Даже твердо помнящему роман читателю здесь легко заблудиться, поэтому сведем основные разногласия двух вариантов этого эпизода, с тем условием допущения, что у Пнина имеется собственная версия своей жизни, которую N. добросовестно излагает в первых шести главах — и опровергает в последней.
Изложение (Глава 1): Версия Пнина
1. У Пнина была балтийская тетка
2. Ходотов, «знаменитый в провинции актер»
3. Роберт Горн, «управляющий имением»
Опровержение (Глава 7): Версия N.
1. У N. была балтийская тетка
2. Анчаров, «провинциальный актер-любитель»
3. Боб Горн, «служащий железной дороги»
Интересно, что в последней главе, то есть изнутри версии N.. Пнин утверждает, что никогда не играл роли рогатого мужа в «Libelei» и не встречался с N. ни тем летом, ни прежде.
Эта заключительная глава вообще отбрасывает длинную, конфузящую и даже тревожную тень на предыдущие. Без нее читатель признает всеведение повествователя, механически-послушно принимая на веру то известное условие договора между сочинителем и читателем, которое подразумевает, что привилегии повествователя третьего лица распространяются и на перволичного. Но если этот повествователь сам полагает строгие границы осведомленности о своем предмете, как это делает N. в последней главе, то читатель не может не быть в недоумении.

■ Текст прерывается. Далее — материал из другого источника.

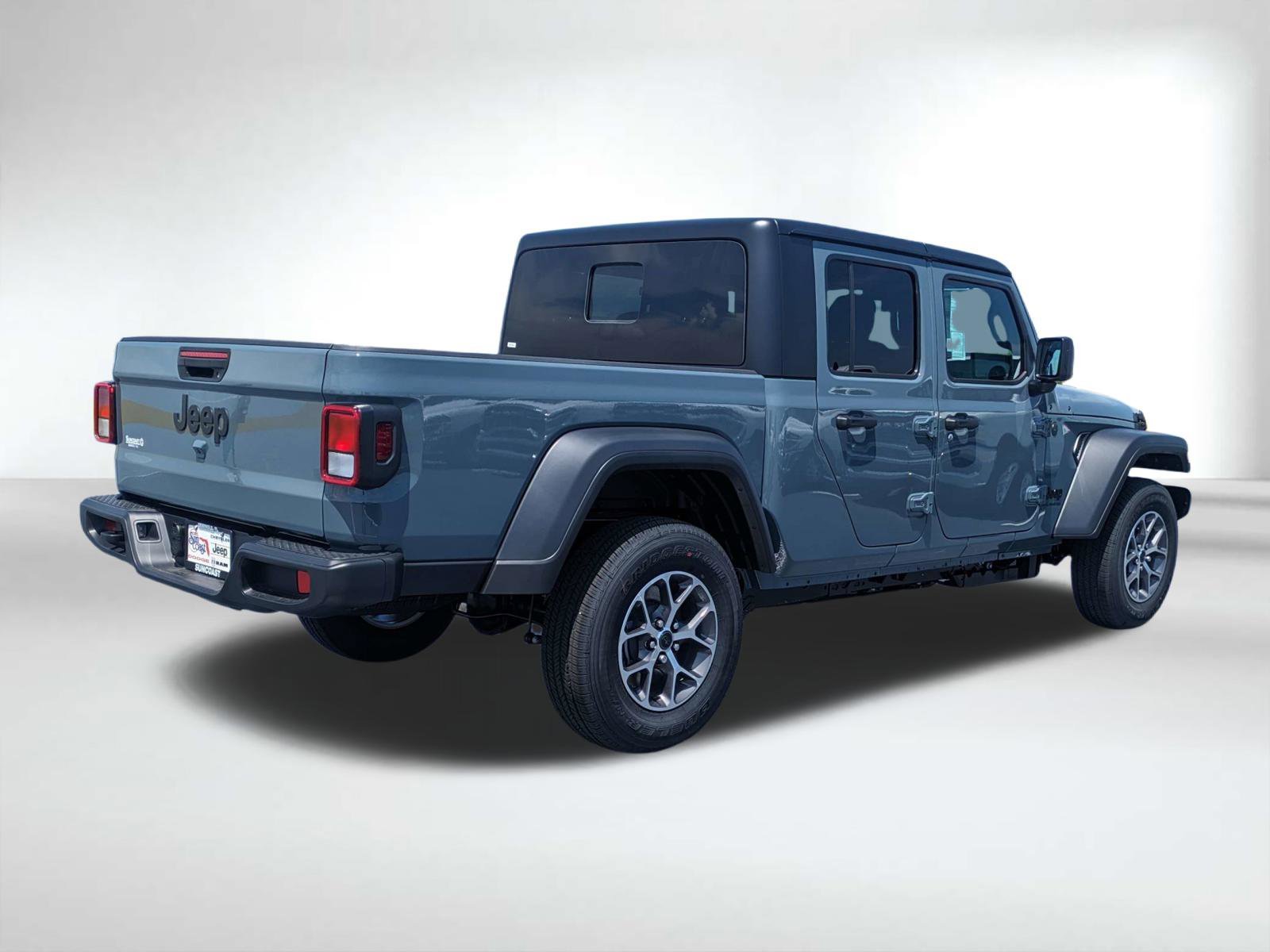 New 2026 Anvil Clear-Coat Exterior Paint Jeep Sport S image 4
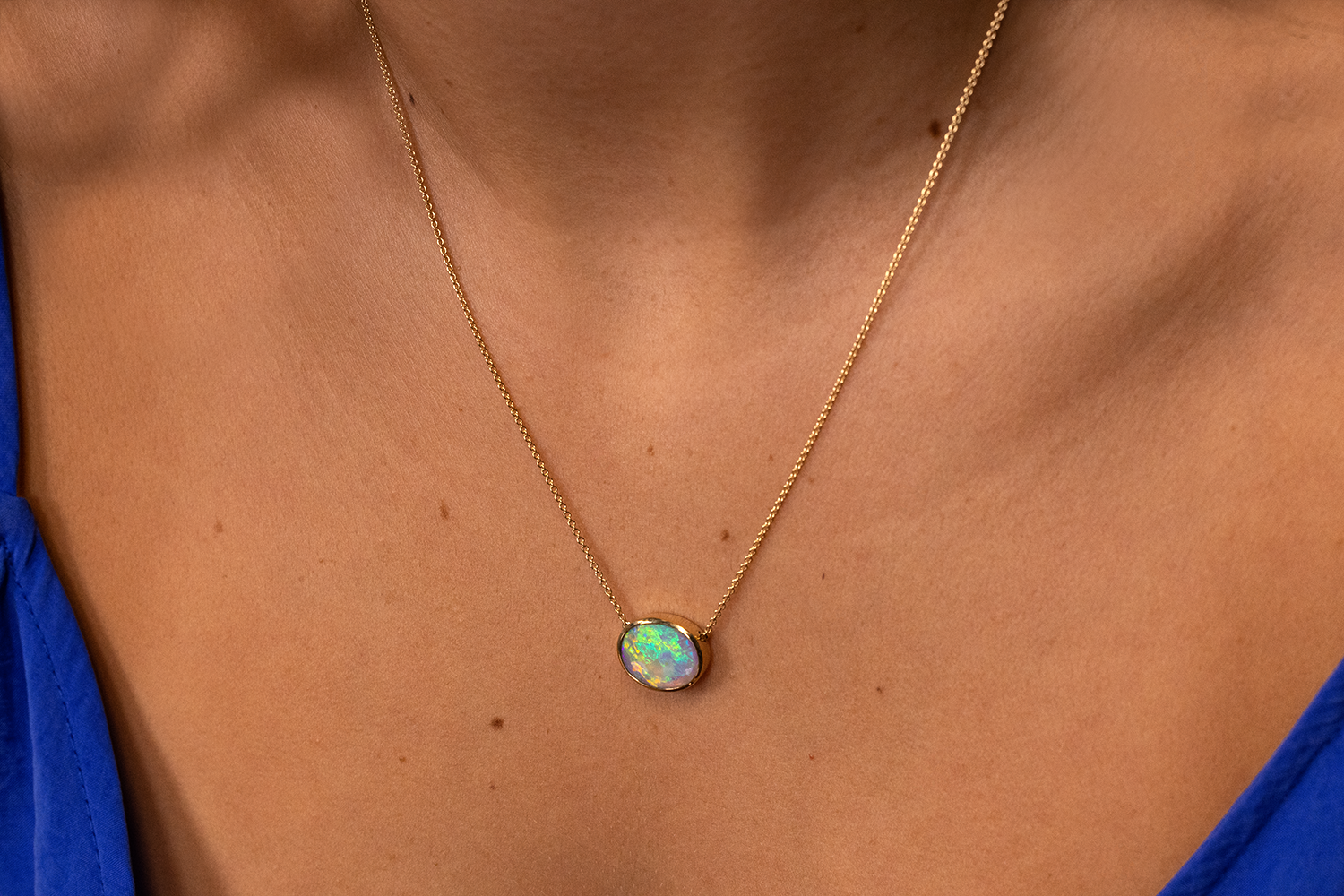 Johanna Necklace Gold with 2.23ct Crystal Opal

Можно, конечно, попытаться натянуть правдоподобно-рациональное объяснение этим и другим противоречиям: N. мог бы набрать разных лакомых подробностей жизни своего героя в Вэйнделе у Гагена, у Клементсов, у Тэеров и уж, конечно, у Джэка Коккереля; многие частые гости Соснового (Шато, Роза Шполянская, Болотов), безусловно, могли бы предоставить сырье для описания лета 1954 года в пятой главе; и не так уж трудно было бы раздобыть сведения, потребные для написания второй половины второй главы (брак Пнина, морское путешествие в Америку, приезд Лизы в Вэйндель) и даже главы четвертой (Виктор Винд). N., «крупный русский писатель», мог бы употребить затем свое мощное воображение, чтобы законопатить зияющие дыры, сочинить недостающие связи и переходы, переменить все имена, включая имя главного героя, и так далее {31} . Такая книга, которой отлично подошло бы название «Мой бедный Пнин», имела бы вид логической задачи, весьма напоминающей тот странный вид шахматных задач, который называется ретроградным: они решаются путем кропотливой аналитической работы, цель которой — восстановить ход за ходом всю партию, двигаясь вспять, причем нужно тщательно проверять и исследовать разные тематические возможности, как то: неожиданные превращения пешки в более слабые (чем ферзь) фигуры, взятие en passant, утрату привилегии рокировки и замысловатые подкопы и логические ловушки {32} . В таком случае последняя глава являлась бы отправным пунктом: Пнин покидает Вэйндель в то время, как N. в нем поселяется и пишет книгу о жизни и приключениях Пнина.